As a counterexample — before the bubble I was working for a small company (not quite a startup, particularly because it didn’t have any venture capital pouring in, so it did spare expenses). The new product was being developed using the same proprietary language used for a previous breadwinner product. The language was clunky, modelled after early PHP, and hard to wire in with modern HTML, let alone JavaScript (this was 2012). Getting anyone to work on that product would require a significant amount of training, which is why the company owner was the one doing nearly all of the work on it (I did the minimum possible on it myself). Replacing the language would have required re-training the owner to some new language (since they didn’t really know any of the possible alternative languages) but since this was 2012, I kept arguing that it would be significantly cheaper to hire one or two junior developers to reimplement the web side of the product in Rails, leaving the owner working on the Flash application instead — particularly because at the time there wasn’t really much of a web part of the product and reimplementing it would have costed nearly nothing by comparison.
This does not mean that developing new languages is not useful or important. Or that the differences between languages don’t matter. I really enjoy writing Python — but if I needed to write something that is very high performance I wouldn’t go and use Python for it. I’m enjoying CircuitPython as it makes quick prototyping awesome, but I also understand it’s a limitation, as it needs more expensive components to run, and if every cent of your BOM counts, it might be a bad choice.

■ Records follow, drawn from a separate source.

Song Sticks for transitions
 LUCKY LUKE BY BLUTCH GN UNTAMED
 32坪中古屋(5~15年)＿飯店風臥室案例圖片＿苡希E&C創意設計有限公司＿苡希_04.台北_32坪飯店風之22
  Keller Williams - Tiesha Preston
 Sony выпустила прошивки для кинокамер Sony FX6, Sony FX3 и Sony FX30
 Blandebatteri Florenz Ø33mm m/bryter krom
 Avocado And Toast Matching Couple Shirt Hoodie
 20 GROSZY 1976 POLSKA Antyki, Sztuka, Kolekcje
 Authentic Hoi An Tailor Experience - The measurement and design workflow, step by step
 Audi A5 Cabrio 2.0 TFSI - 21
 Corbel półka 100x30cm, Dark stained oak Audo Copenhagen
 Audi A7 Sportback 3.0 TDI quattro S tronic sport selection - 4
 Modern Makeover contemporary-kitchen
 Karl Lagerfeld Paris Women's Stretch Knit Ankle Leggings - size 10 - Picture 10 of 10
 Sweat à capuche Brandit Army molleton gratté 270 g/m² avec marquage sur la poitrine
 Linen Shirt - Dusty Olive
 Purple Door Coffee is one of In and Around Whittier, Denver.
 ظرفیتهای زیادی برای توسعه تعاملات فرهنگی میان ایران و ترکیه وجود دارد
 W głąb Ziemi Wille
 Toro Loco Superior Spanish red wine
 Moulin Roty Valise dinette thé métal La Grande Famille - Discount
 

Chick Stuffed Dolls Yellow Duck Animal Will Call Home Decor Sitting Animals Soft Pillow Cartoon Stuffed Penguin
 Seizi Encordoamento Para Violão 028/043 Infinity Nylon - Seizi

I also am holding hopes for Rust to become useful as a “base system language” to replace good old C in a bunch of places — if nothing else because removing entire classes of mistakes would be nice. But that is also a compromise: it might introduce new classes of mistakes, and it will have side effects on bootstrapping new architectures. I never expect any migration not to have any costs.
Rust is a language in which one can be extraordinarily productive and it doesn’t really introduce new classes of mistakes. The drawback is that it has a very steep learning curve. It’s not as bad as it used to be, but really getting into idiomatic Rust can take a long time and a lot of dedication.
I want to like Rust. I really, really do. But its insistence on NOT having automatic memory management and instead doing an almost, but not complete “we will infer when you would’ve released the RAM” really gets on my nerves. If I wanted that, I would continue to write C. Instead, I will stubbornly continue to write Go and Common Lisp.